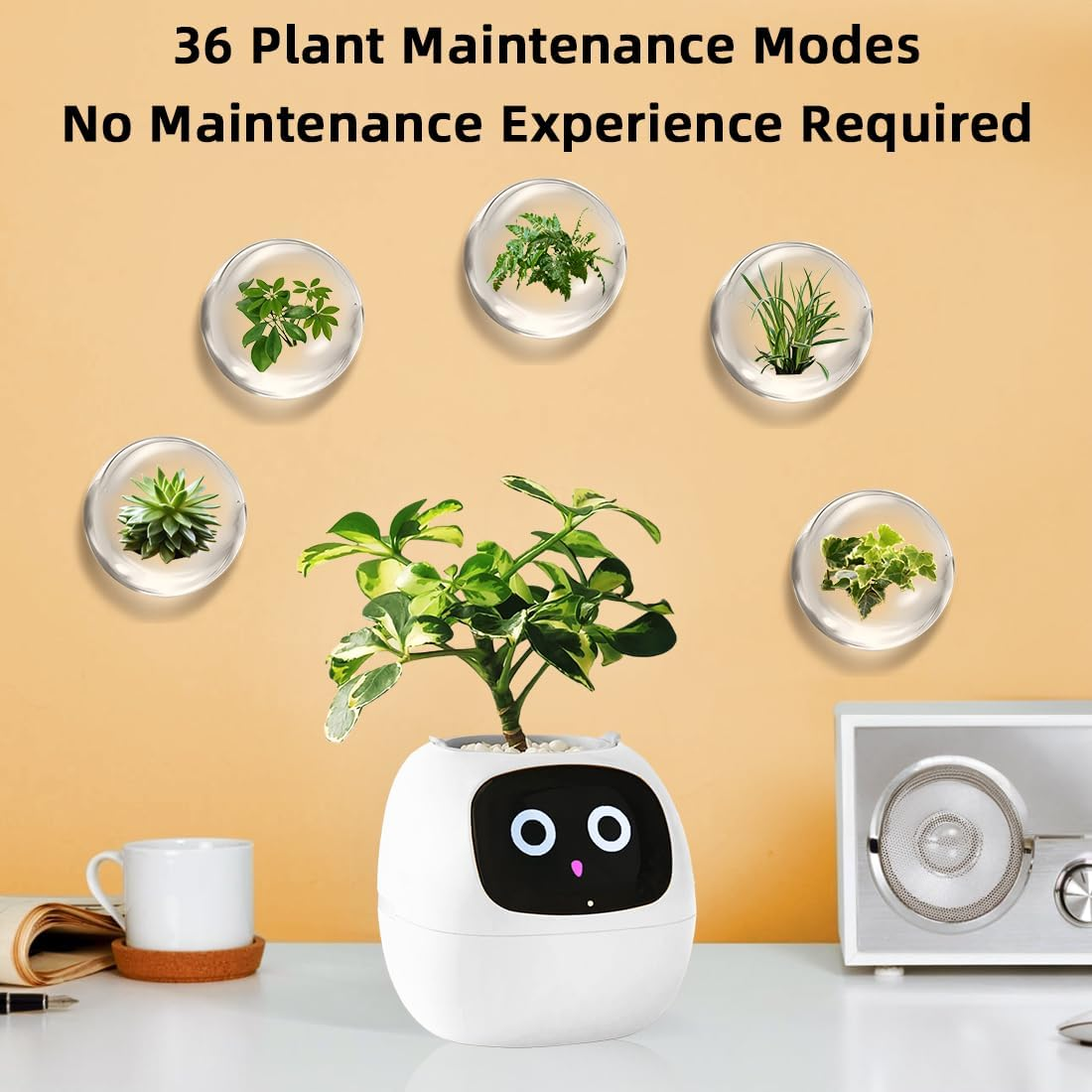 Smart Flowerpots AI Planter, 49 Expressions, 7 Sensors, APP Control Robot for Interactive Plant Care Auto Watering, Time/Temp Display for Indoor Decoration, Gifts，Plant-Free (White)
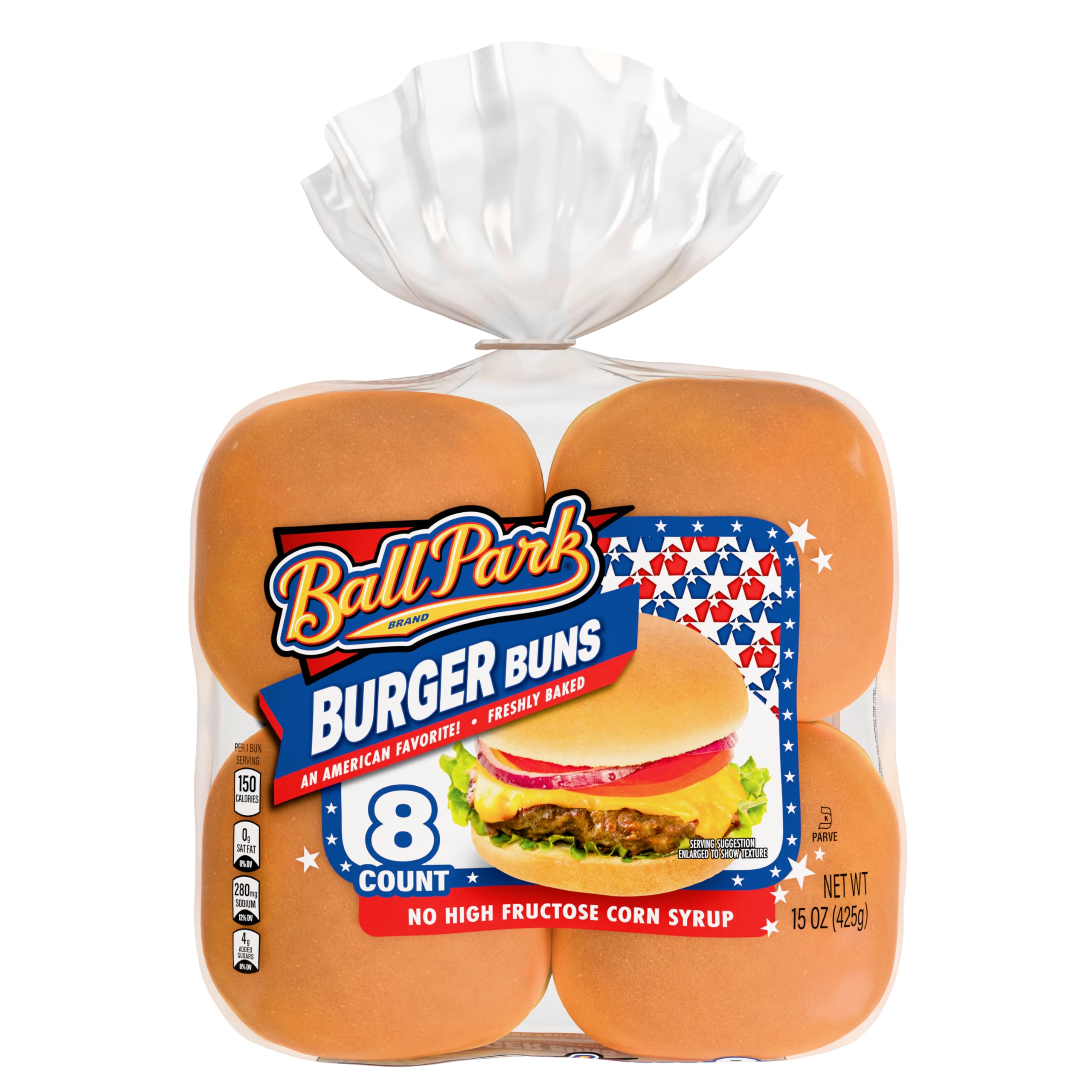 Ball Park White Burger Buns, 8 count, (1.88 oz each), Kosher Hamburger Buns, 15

○ ○ ○

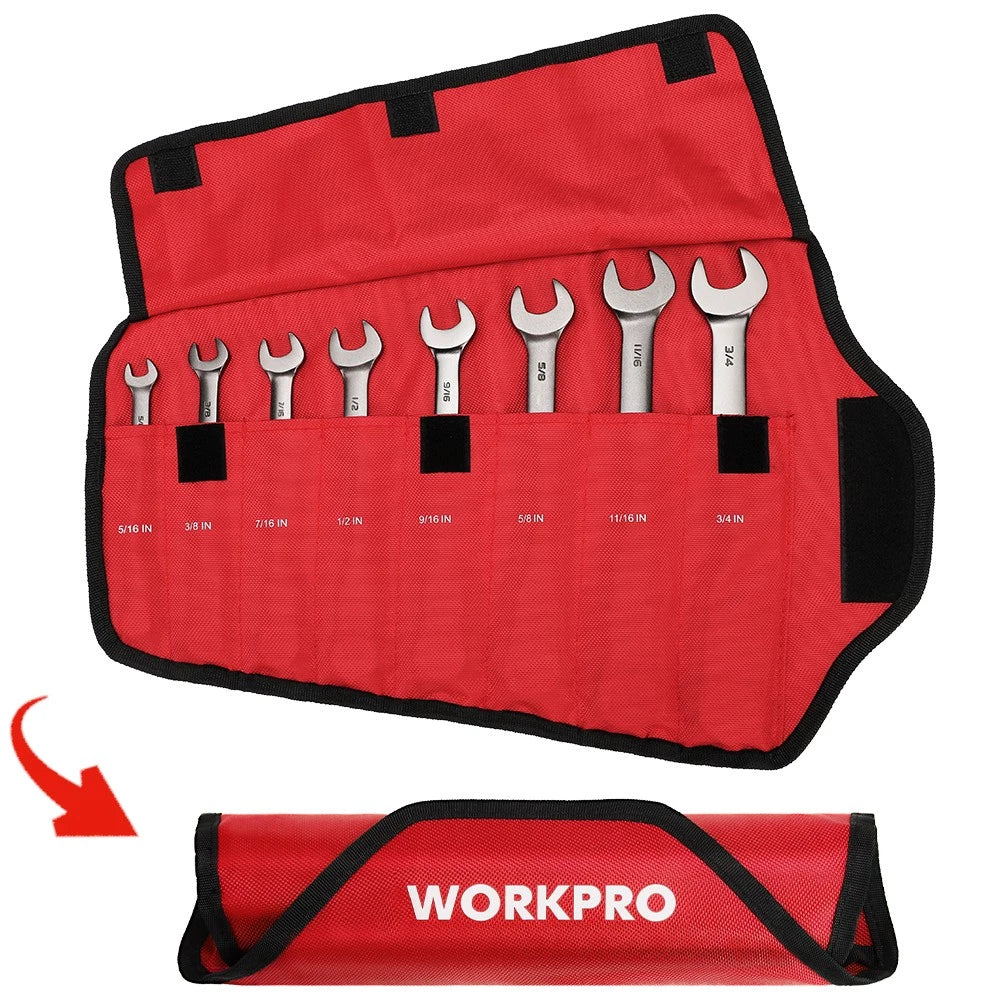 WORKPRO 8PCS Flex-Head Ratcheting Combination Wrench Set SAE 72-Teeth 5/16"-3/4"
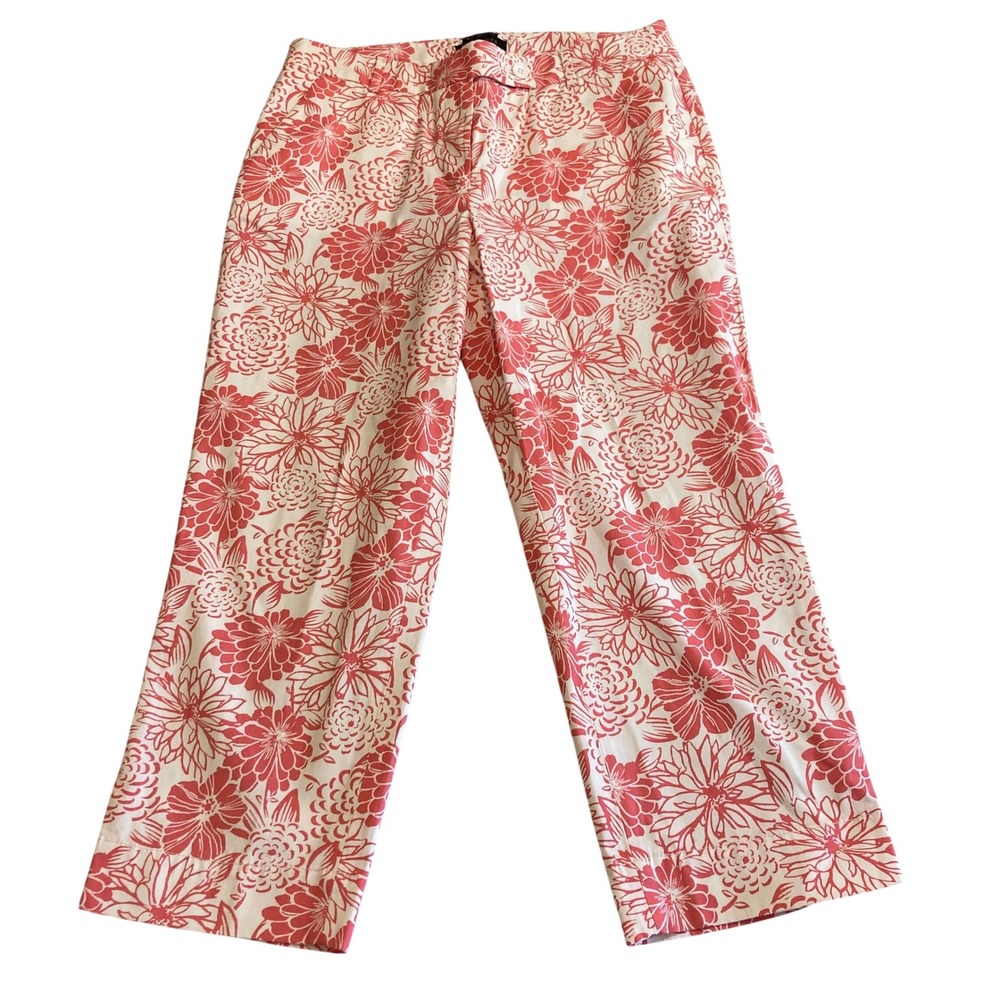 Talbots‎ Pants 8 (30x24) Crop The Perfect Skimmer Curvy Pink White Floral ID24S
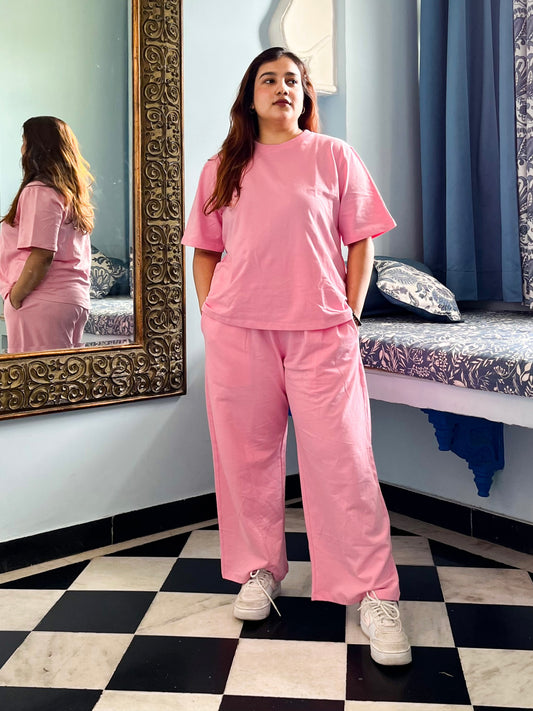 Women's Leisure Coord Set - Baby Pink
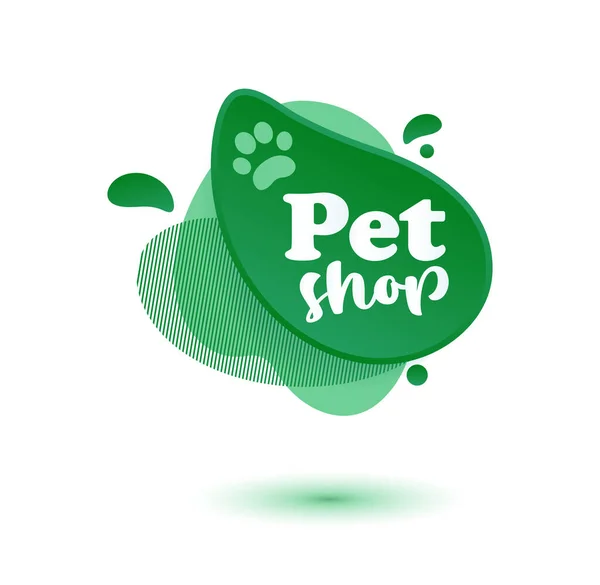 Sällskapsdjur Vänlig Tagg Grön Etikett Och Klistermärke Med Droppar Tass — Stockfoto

○ ○ ○

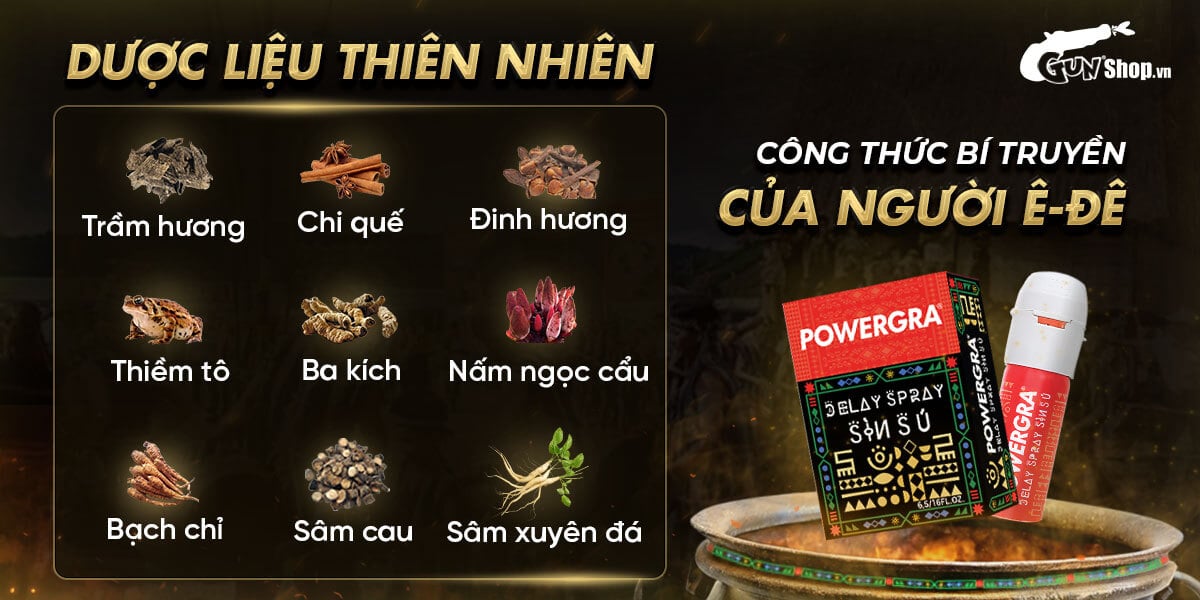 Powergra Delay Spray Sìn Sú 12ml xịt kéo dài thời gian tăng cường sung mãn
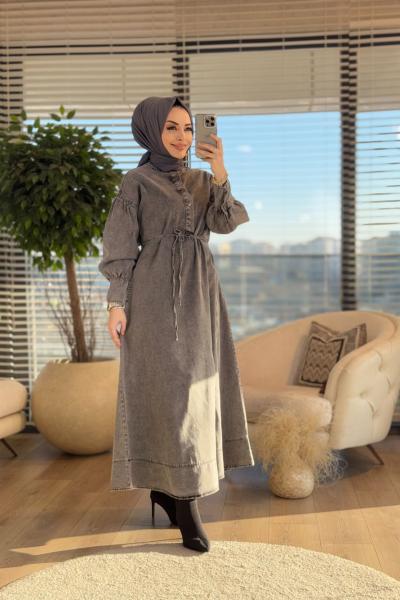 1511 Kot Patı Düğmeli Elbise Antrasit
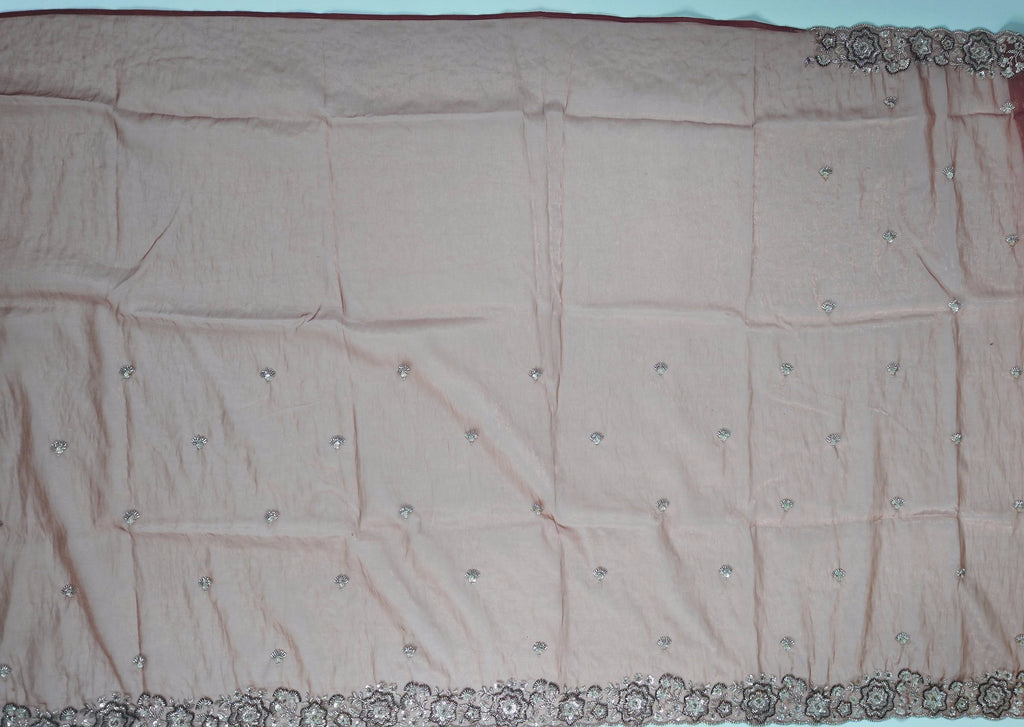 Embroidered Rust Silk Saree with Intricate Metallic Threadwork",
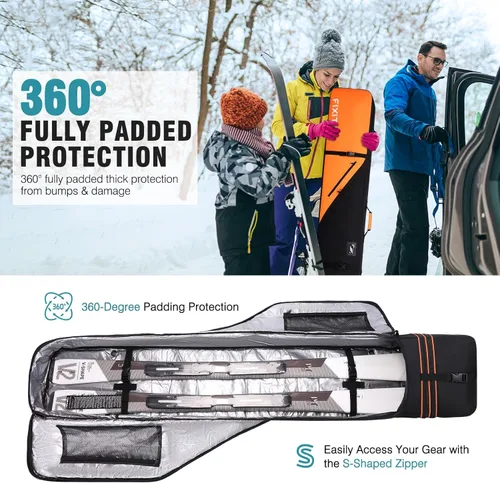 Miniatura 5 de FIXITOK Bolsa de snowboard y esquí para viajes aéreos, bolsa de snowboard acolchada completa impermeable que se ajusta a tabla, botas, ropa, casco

○ ○ ○

**What is being asked**
Please repeat the lines of the material above exactly, starting with the line that contains "Talbots‎ Pants 8" and ending with the line that contains "Sällskapsdjur Vänlig Tagg". Leave the pictures out.

**Task answer**
 Talbots‎ Pants 8 (30x24) Crop The Perfect Skimmer Curvy Pink White Floral ID24S
 Women's Leisure Coord Set - Baby Pink
 Sällskapsdjur Vänlig Tagg Grön Etikett Och Klistermärke Med Droppar Tass — Stockfoto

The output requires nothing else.